Matt Marshall, one of the state leaders of the Washington Three Percent, trotted out the same defense during the October 18 “Freedom to Worship” rally/protest, according to a reporter from Boise State Public Radio, Heath Druzin, who attended the rally and reported on it. Marshall was one of the speakers that day, along with Gibson and a far-right Republican write-in candidate for lieutenant governor, Joshua Freed (who eventually garnered 0.12% of the statewide vote).
“I am frequently discounted as a far-right extremist,” he told the crowd, which numbered about 150 people, all maskless. “I also get small-town redneck, leader of a militia and various other things that are used to discredit me and my qualifications and the Three Percent.”
What Marshall neglects to mention is that his group is closely affiliated with Gibson, whose own background is rife with associations with violent extremists and white nationalists, as well as far-right ex-legislator Matt Shea, whose eventual departure from the state legislature was the subject of a protest Marshall organized in January 2019. Moreover, Marshall has been an outspoken advocate of the “Boogaloo” movement—having shown up to protests in Olympia (including one that turned out to have been a Sacha Baron Cohen prank that in fact is featured in Cohen’s latest Borat film) and elsewhere wearing the movement’s trademark Hawaiian shirts and spouting pro-“Boogaloo” rhetoric.
Since then, the “Boogaloo” movement has inspired multiple acts of domestic terrorism by right-wing extremists:
- The 14 Michigan militiamen arrested by the FBI in October were all “Boogaloo Bois.” Their initial plot involved taking over the state Capitol in Lansing and holding televised executions of state officials; they later defaulted to a simpler plot to kidnap the governor at her summer home and execute her after a “citizens court” trial.
- An Air Force sergeant in California who was a “Boogaloo” fan shot two federal officers at an anti-police protest in Oakland, one fatally.
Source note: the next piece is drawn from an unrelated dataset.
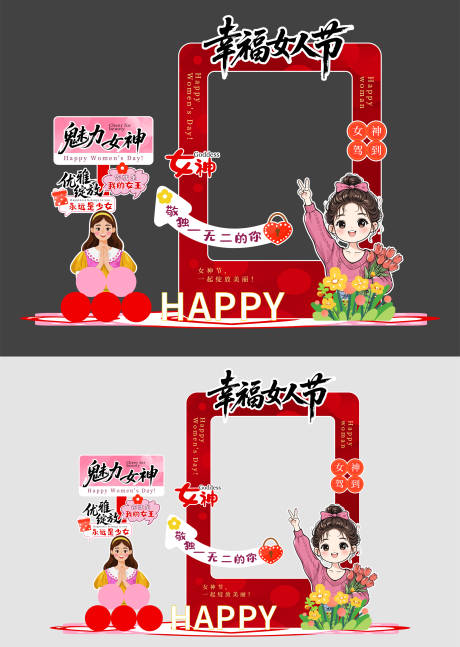 源文件下载【享设计】搜索编号：52930035609172297【三八女神节妇女节拍照框美陈】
Two days later, after being tracked to Santa Cruz County, he shot and killed a sheriff’s deputy while being arrested. During the rampage, he scrawled the word “Boog” in blood on the hood of the car he was driving.
- The three Las Vegas-area “Boogaloo Bois” arrested for building Molotov cocktails as part of a larger campaign to wreak havoc around the ongoing Black Lives Matter protests over police brutality did not plan to attack BLM—as most “Patriot” and “Proud Boy” groups have done over the past three years—but instead sought to use the BLM protests to target police officers and power infrastructure, as a way of ramping up the violence around the protests.
- A Texarkana, Texas, man who intended to spark the “Boogaloo” by ambushing police officers, was caught by officers who were alerted by his attempt to livestream his planned killing spree. They went to his location and arrested him shortly thereafter.
- A “Boogaloo” enthusiast who posted comments on Facebook about bringing his rifle to an anti-stay-at-home-orders protest in Denver attracted the interest of FBI agents, who upon visiting him at his home discovered a cache of homemade pipe bombs. The man openly expressed his intent to use them to kill any federal agents who tried to invade his home.
- Another “Boogaloo Boi” planned to livestream his ambush on police officers at an Ohio national park, but was arrested by FBI agents before he could pull off the plan.
It may be worth noting that at the October event on Whidbey Island, Marshall no longer wore a Hawaiian shirt and made no mention of the “Boogaloo.” But by then, the politics his organization embodied had already made itself all too plain to the residents of an island who know all too well how to spot a fascist.